Syria, North Korea Dominate G8 Agenda; Fed Debates QE
Sitting atop the agenda at the G8 conference in London is not the financial crisis, but the ongoing conflicts in Syria and North Korea. Secretary of State John Kerry and other G8 foreign ministers met with Syrian rebels to determine whether additional support could and should be provided.
As the G8 met in London, proposed negotiations between the United Nations and the government of Bashar al-Assad regarding an investigation into allegations the Syrians used chemical weapons reached an impasse this week.
The foreign ministers from Britain, Canada, France, Germany, Italy, Japan, Russia and the United States are set to discuss the North Korea crisis on Thursday, which will lay the groundwork for talks at the full G8 conference in June.
Underscoring the urgency to – at the very least – ease tensions in the Asian peninsula was the decision by the North Koreans to move missile launchers into firing position.
South Korea Moderates Stance In Effort To Ease Tensions
While the North Koreans have escalated their actions, the South sought to defuse tensions by calling for Pyongyang to return to the negotiating table.

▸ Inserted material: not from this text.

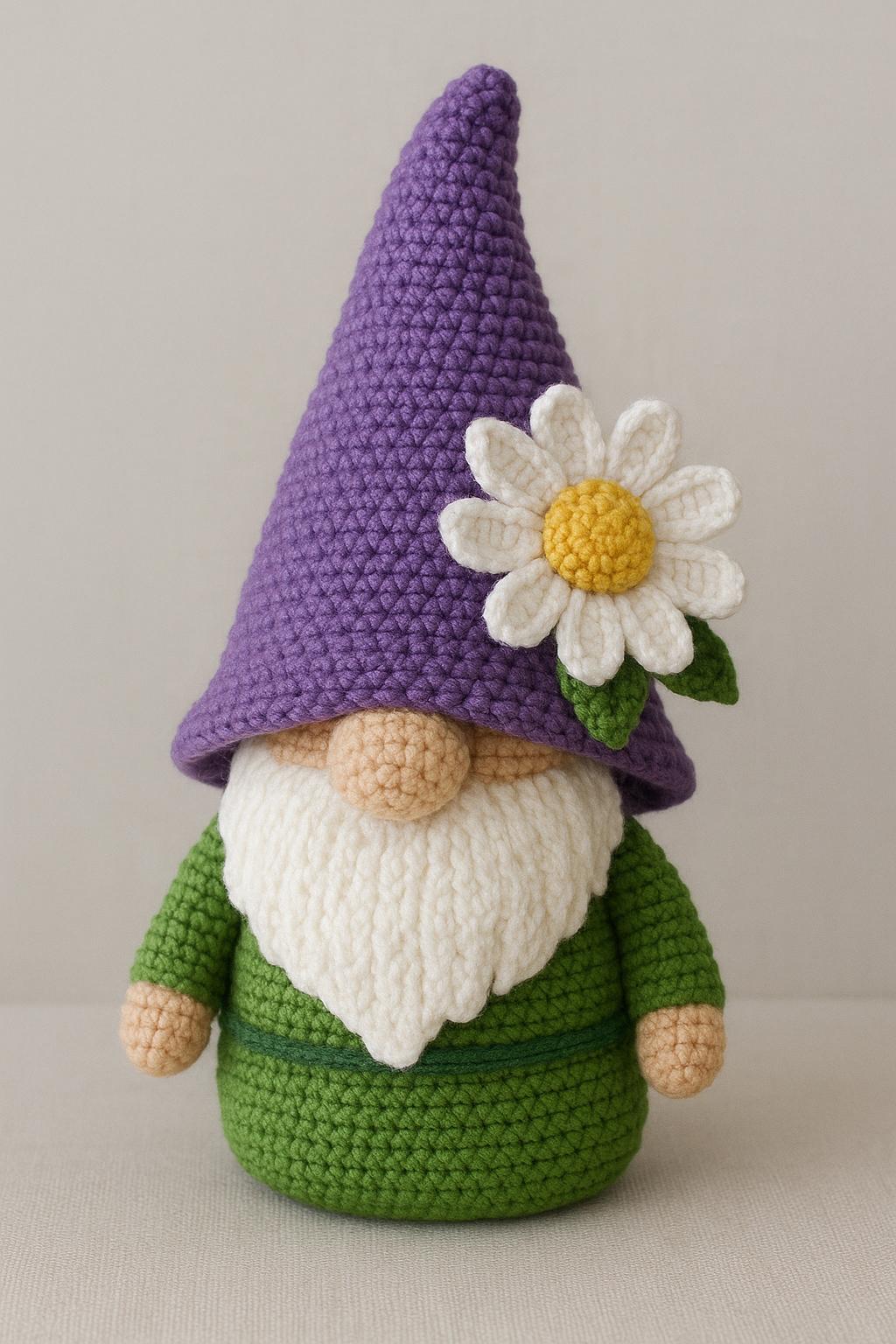 Daisy Gnome Crochet Pattern: Amigurumi Flower Gnome (PDF Download) BBM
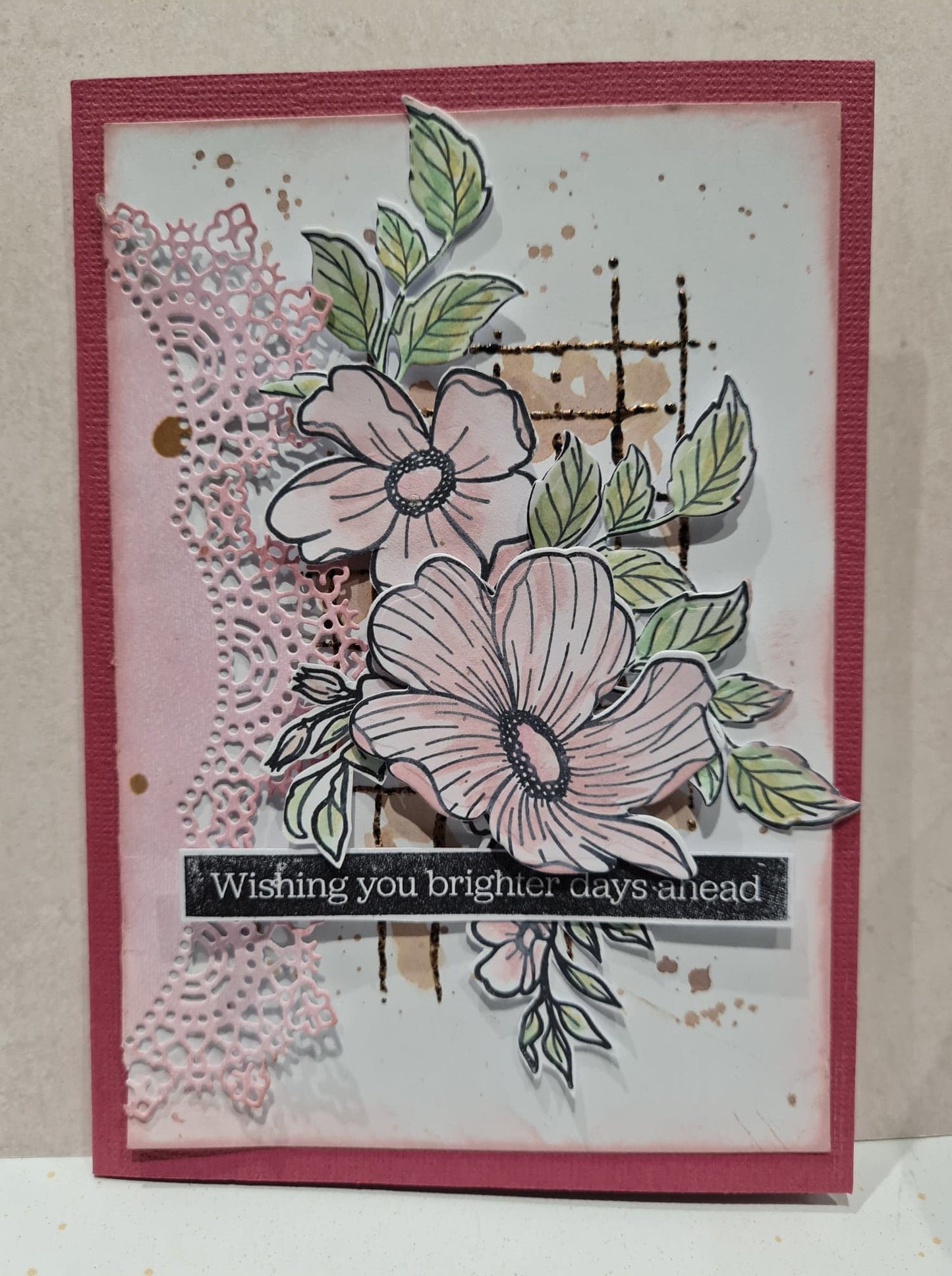 Acrylic Stamp & Die Set - Delightful Flower Arts & Crafts Couture Creations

“We hope the North Korean authorities come out to the dialogue table,” Unification Minister Ryoo Kihl-jae, South Korea’s point man on the North, said in a nationally televised statement, The New York Times reports.
Fed Minutes Show Strong Debate Over Quantitative Easing
Minutes from the Federal Reserve’s March meeting show a split among members on whether to press ahead with QE, while others voiced the opinion that if the labor market showed improvement that QE could be ended by year’s end.
The meeting occurred in mid-March – before the latest weak employment report. Bloomberg News reports that Vice Chairman Janet Yellen, Governor Daniel Tarullo, Chicago Fed President Charles Evans, St. Louis’s James Bullard and Boston’s Eric Rosengren were among the officials who support Chairman Ben Bernanke’s decision to continue with asset purchases until the job market improves “substantially.”
The actual release of the minutes was not without controversy as several banks, including JP Morgan and Goldman Sachs, received them hours before their public release. The error served to heighten questions from critics regarding the Fed’s handling of proprietary information that could impact the markets.